Instructions to follow:
Your task is to transcribe the records exactly, skipping every image.
** Opening Records for the task block **
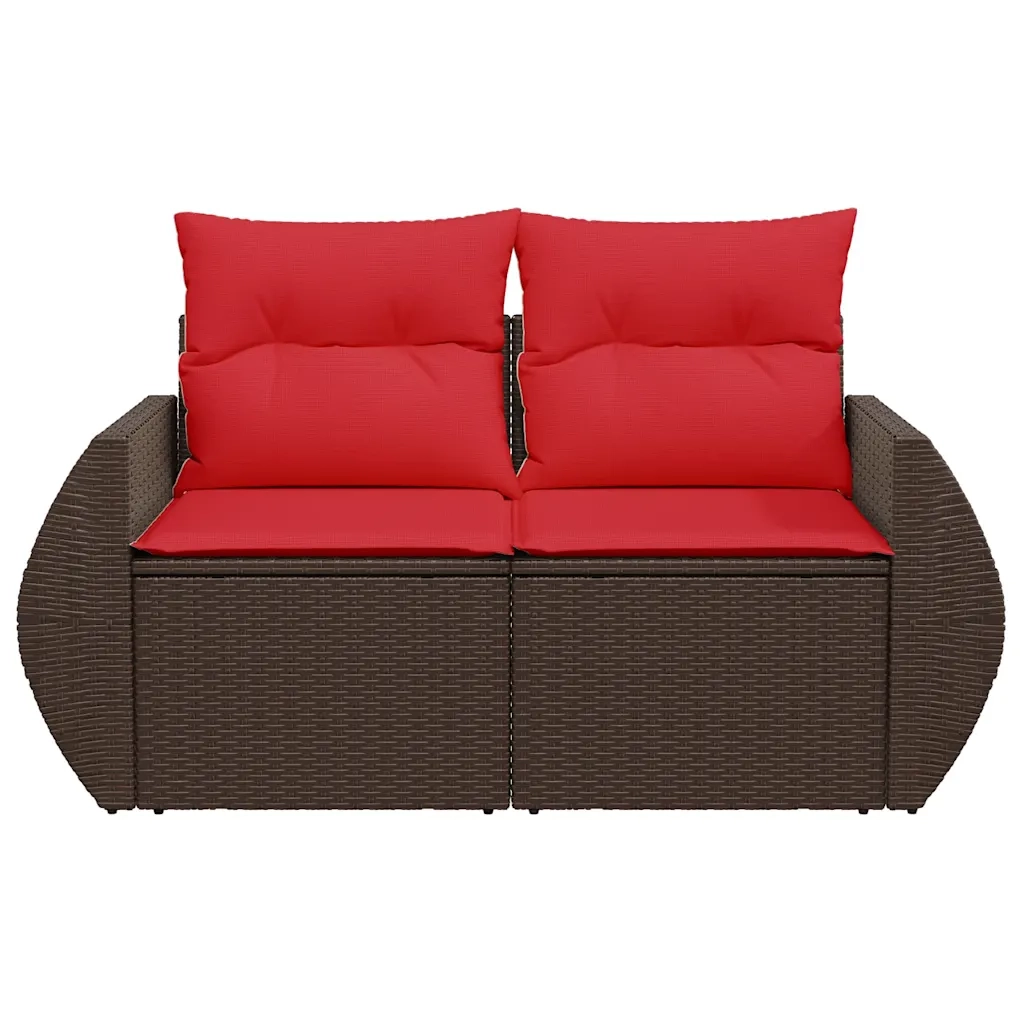Divano da giardino con cuscini a 2 posti marrone in polyrattan 366245
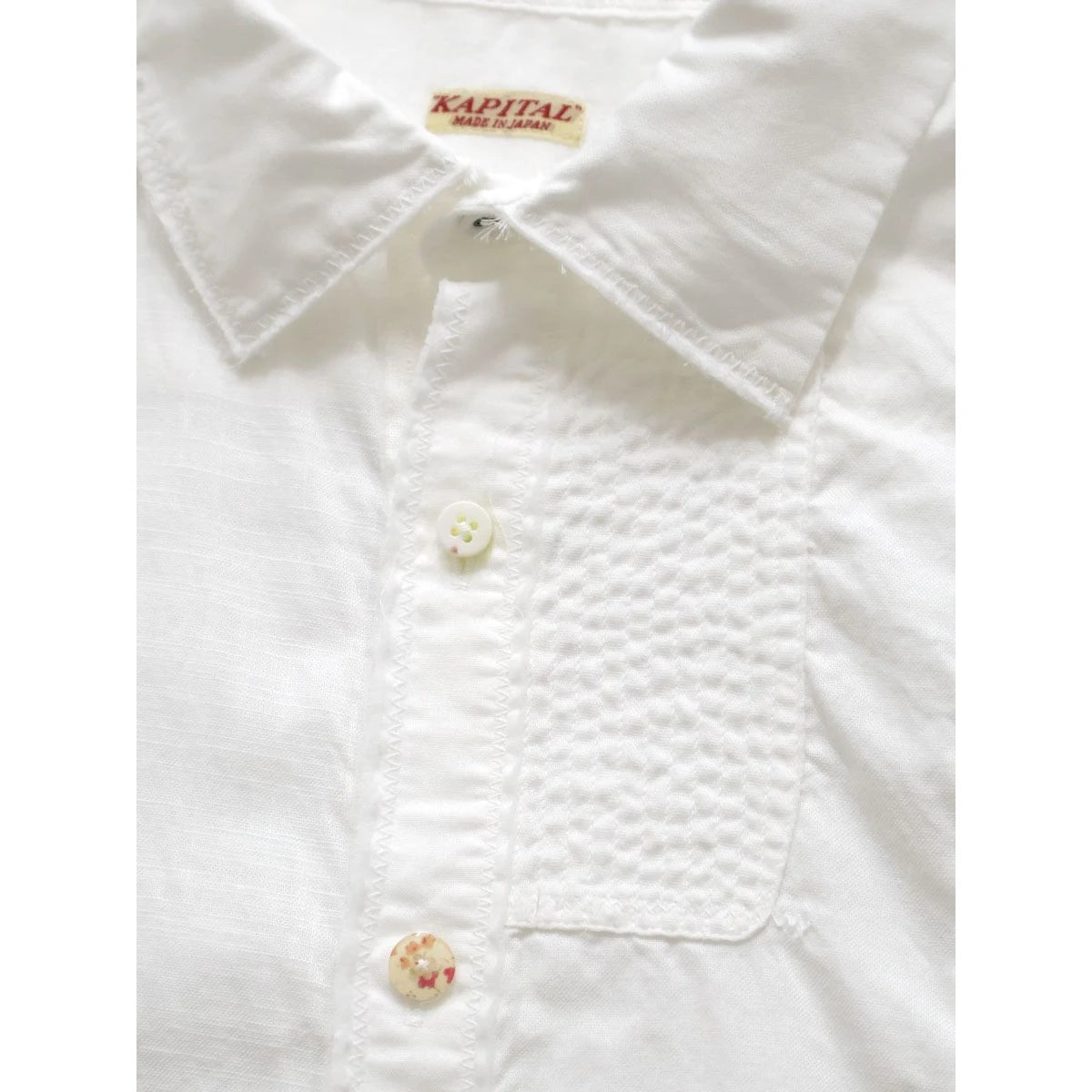 Kapital Cotton Linen Patchwork Kathmandu Shirt (Short Sleeve)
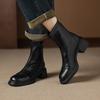 Krazing Pot Microfiber Round Toe Chunky Heels Motorcycle Boots Size 42 Zip Women Pleated Decoration Platform Ankle Boots
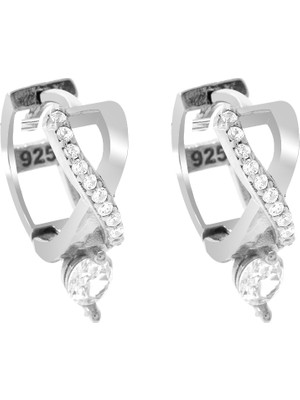 Tesbihane Beyaz Zirkon Taşlı Sonsuzluk Detaylı Gümüş Renk 925 Ayar Gümüş Tek Taş Kadın Küpe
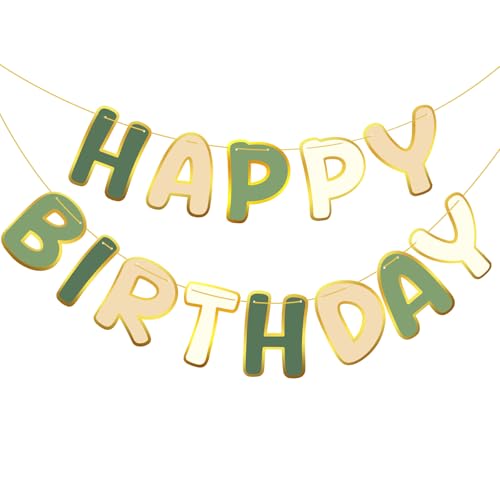 Image of TaoBary Happy Birthday Banner Sage Green Pre-strung Party Decor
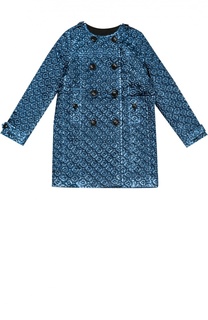 Двубортное пальто с фактурной отделкой Burberry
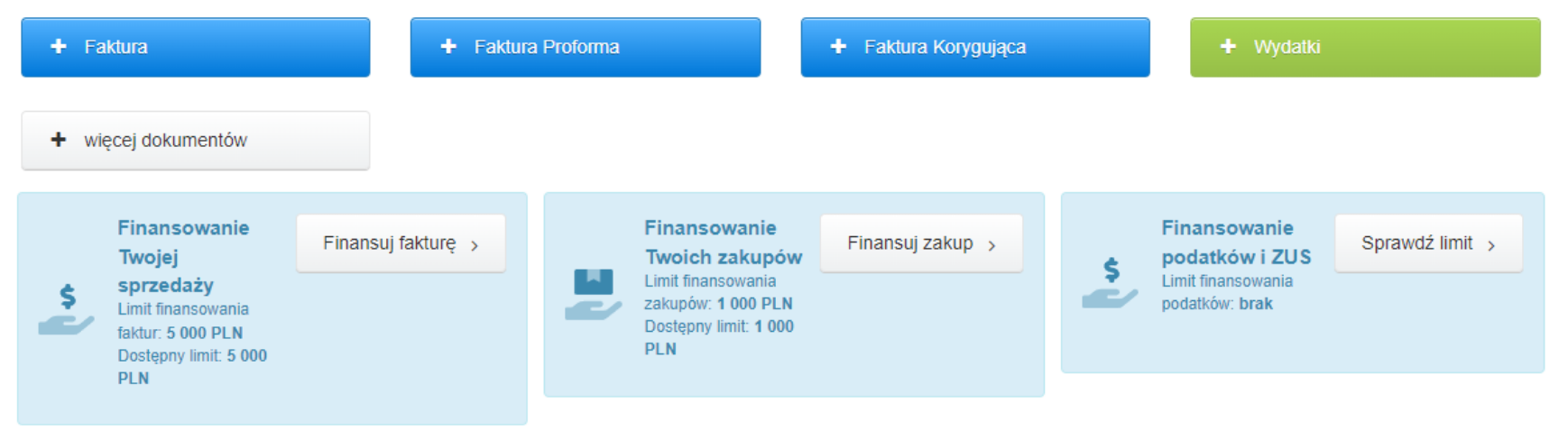 Na stronie głównej w Fakturowni pojawią się opcje dotyczące finansowania sprzedaży oraz zakupów.
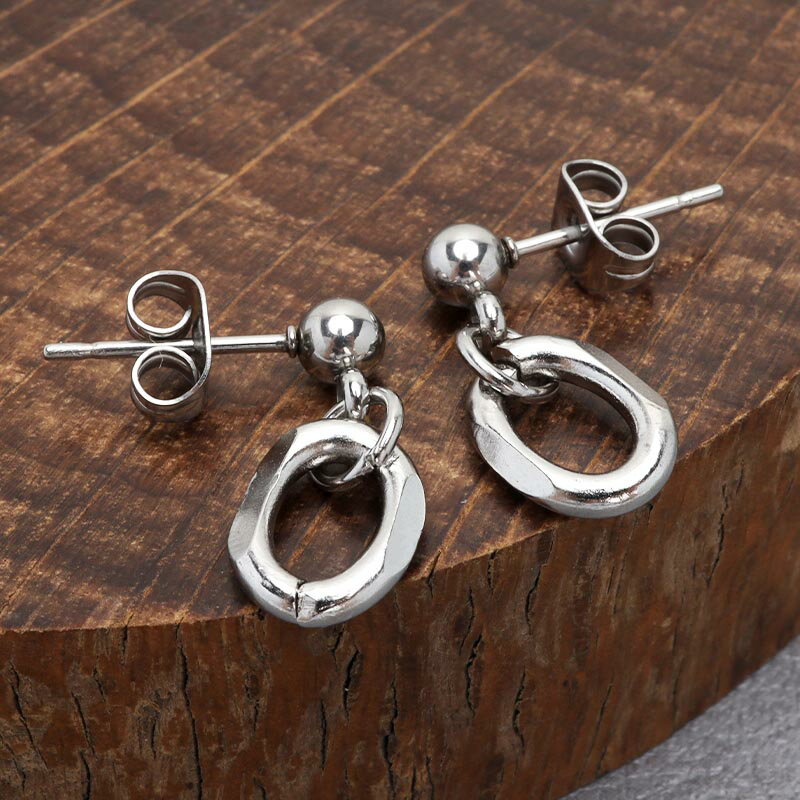 ステンレス素材 ドロップピアス シルバー silver レディース チェーンピアス 揺れる オーバル 4面カット あずきチェーン シンプル 金属アレルギーフリー...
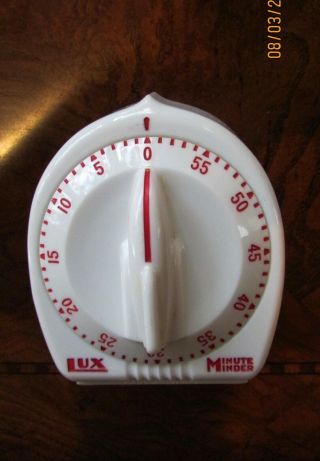 Vintage Lux Minute Minder Rocket Dial White W/red Numbers Great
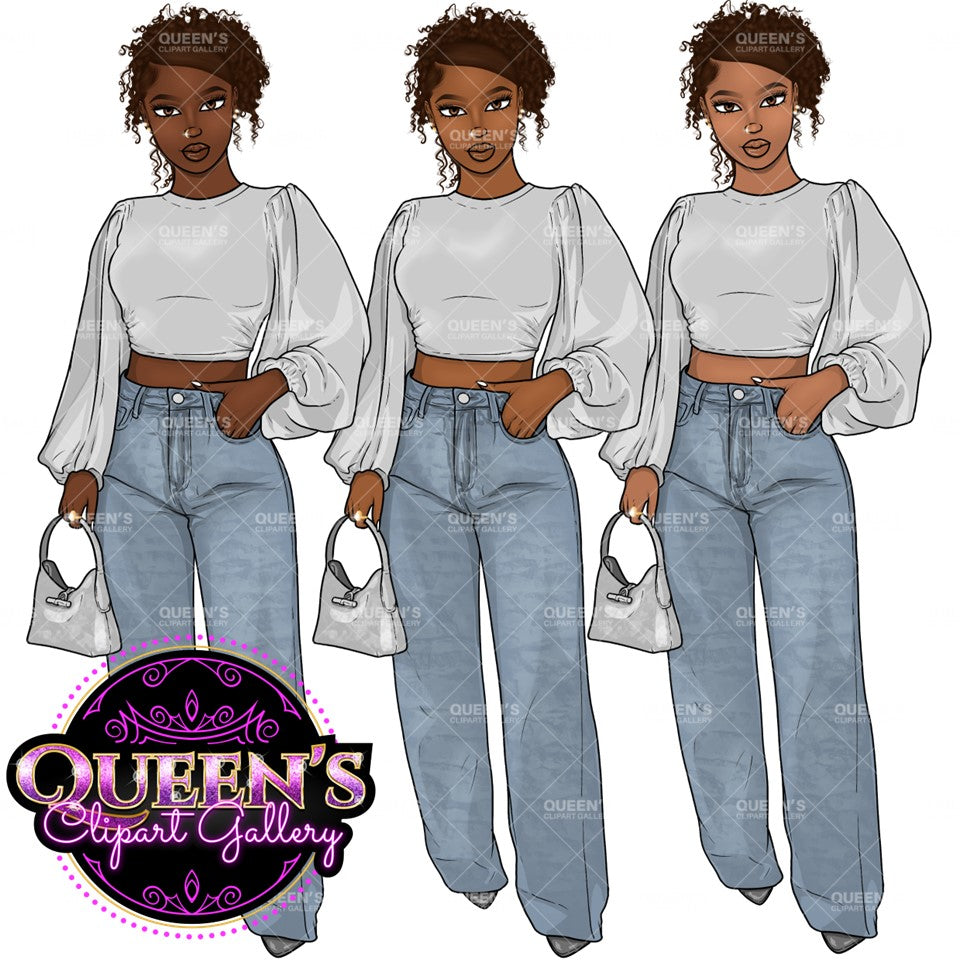 Curvy Denim Girl, Jeans Girl Clipart, Denim Jeans Clipart, Afro Woman clipart, Black girl magic Fashion girl clipart, African American woman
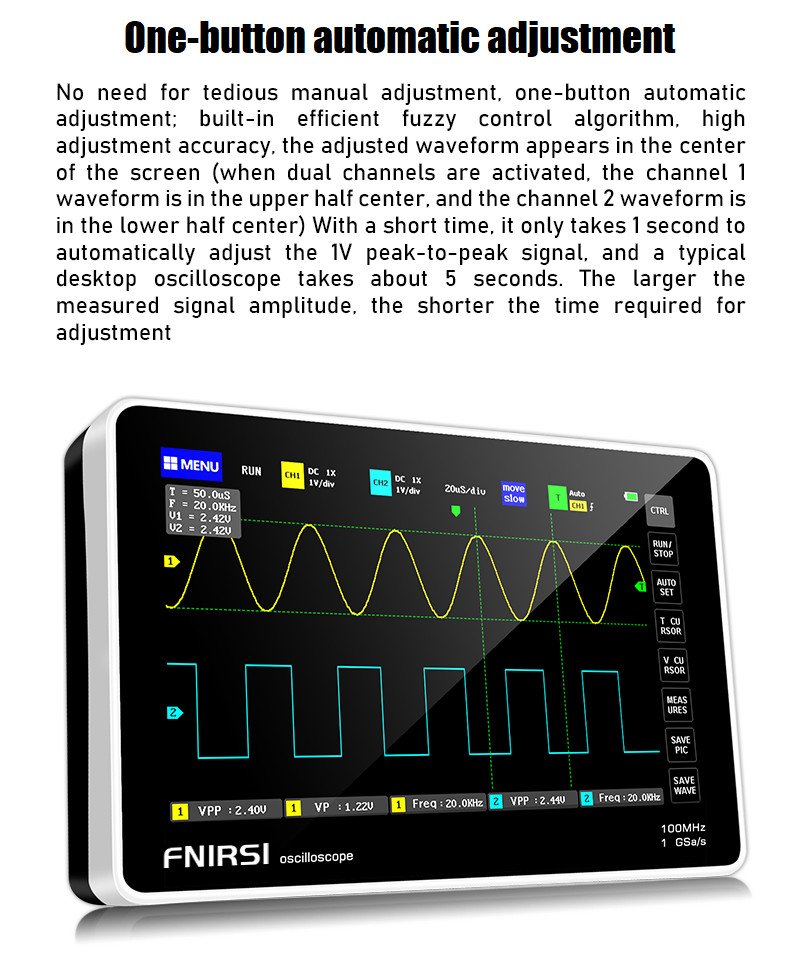 FNIRSI 1013D Mini 7\" Touch Panel 2CH Digital Oscilloscope 100MHz Bandwidth 1GS
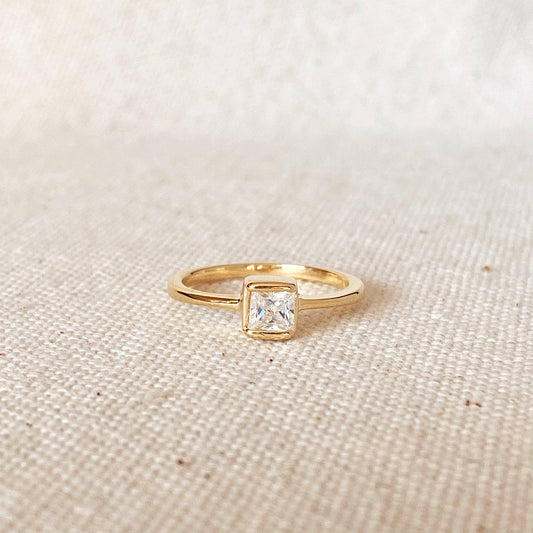 Square Solitaire Ring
** Closing Records for the task block **
Result of the task:
Divano da giardino con cuscini a 2 posti marrone in polyrattan 366245
 Kapital Cotton Linen Patchwork Kathmandu Shirt (Short Sleeve)
 Krazing Pot Microfiber Round Toe Chunky Heels Motorcycle Boots Size 42 Zip Women Pleated Decoration Platform Ankle Boots
 Tesbihane Beyaz Zirkon Taşlı Sonsuzluk Detaylı Gümüş Renk 925 Ayar Gümüş Tek Taş Kadın Küpe
 Image of TaoBary Happy Birthday Banner Sage Green Pre-strung Party Decor
 Двубортное пальто с фактурной отделкой Burberry
 Na stronie głównej w Fakturowni pojawią się opcje dotyczące finansowania sprzedaży oraz zakupów.
 ステンレス素材 ドロップピアス シルバー silver レディース チェーンピアス 揺れる オーバル 4面カット あずきチェーン シンプル 金属アレルギーフリー...
 Vintage Lux Minute Minder Rocket Dial White W/red Numbers Great
 Curvy Denim Girl, Jeans Girl Clipart, Denim Jeans Clipart, Afro Woman clipart, Black girl magic Fashion girl clipart, African American woman
 FNIRSI 1013D Mini 7\" Touch Panel 2CH Digital Oscilloscope 100MHz Bandwidth 1GS
 Square Solitaire Ring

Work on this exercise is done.